CERTAIN RELATIONSHIPS AND RELATED TRANSACTIONS, AND DIRECTOR INDEPENDENCE

As of December 31, 2014, our Sponsor owned 68,617 common units and 5,146,264 subordinated units representing a 40.3% limited partner interest in us. Our Sponsor also owns and controls our General Partner. Our Sponsor also appoints all of the directors of our General Partner, which maintains a non-economic general partner interest in us and owns the incentive distribution rights.

The terms of the transactions and agreements disclosed in this section were determined by and among affiliated entities and, consequently, are not the result of arm’s length negotiations. These terms are not necessarily at least as favorable to the parties to these transactions and agreements as the terms that could have been obtained from unaffiliated third parties.

Distributions and Payments to Our General Partner and Its Affiliates

The following discussion summarizes the distributions and payments made or to be made by us to our General Partner and its affiliates in connection with our ongoing operation and any liquidation.

Operational Stage

Cash available for distribution to our General Partner and its affiliates. We generally make cash distributions 100% to our unitholders, including affiliates of our General Partner. In addition, if distributions exceed the minimum quarterly distribution and other higher target distribution levels, our General Partner is entitled to increasing percentages of the distributions, up to 50.0% of the distributions above the highest target distribution level. Assuming we have sufficient available cash to pay the full minimum quarterly distribution on all of our outstanding common units and subordinated units for four quarters, our Sponsor will receive an annual distribution of approximately $8.1 million on its units. For the year ended December 31, 2014, we paid our Sponsor $7.3 million in cash distributions.

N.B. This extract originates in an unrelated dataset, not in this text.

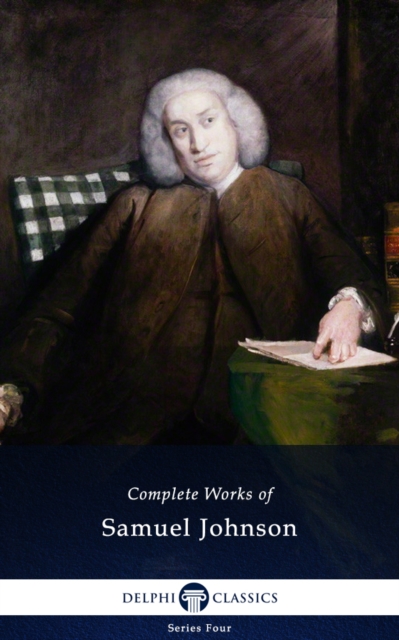 Book Cover for Delphi Complete Works of Samuel Johnson (Illustrated) by Samuel Johnson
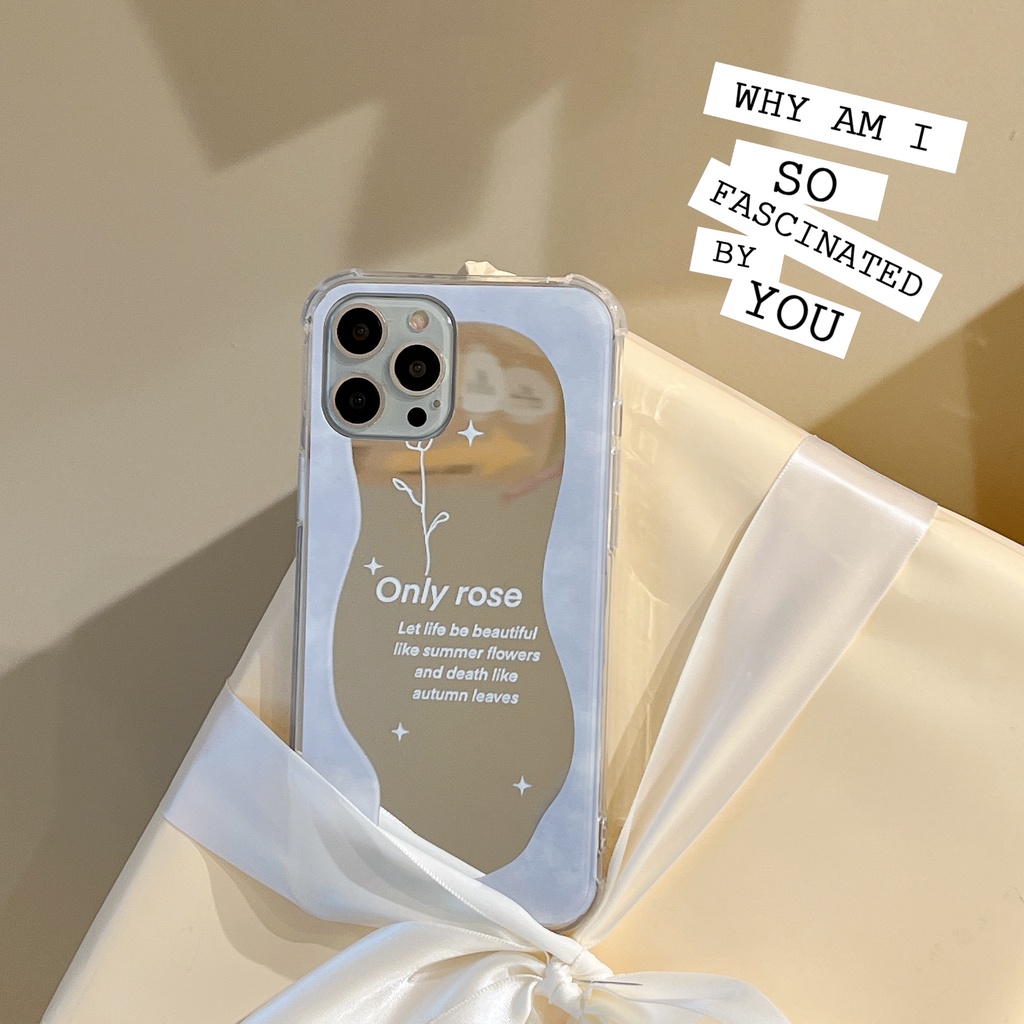 Ốp Lưng Samsung Galaxy A23 A33 4G 5G A11 A53 A52 A52s A32 4G 5G A13 A12 A03 Gương Case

Payments to our General Partner and its affiliates. Our General Partner does not receive a management fee or other compensation for its management of our Partnership, but we reimburse our General Partner and its affiliates for all direct and indirect expenses they incur and payments they make on our behalf. Our partnership agreement does not set a limit on the amount of expenses for which our General Partner and its affiliates may be reimbursed. These expenses include salary, bonus, incentive compensation and other amounts paid to persons who perform services for us or on our behalf and expenses allocated to our General Partner by its affiliates. Our partnership agreement provides that our General Partner will determine the expenses that are allocable to us. For the year ended December 31, 2014, we paid our General Partner $4.0 million, pursuant to the partnership agreement.

Withdrawal or removal of our General Partner. If our General Partner withdraws or is removed, its non-economic General Partner interest and its incentive distribution rights will either be sold to the new General Partner for cash or converted into common units, in each case for an amount equal to the fair market value of those interests.

Liquidation Stage

Upon our liquidation, the partners, including our General Partner, will be entitled to receive liquidating distributions according to their particular capital account balances.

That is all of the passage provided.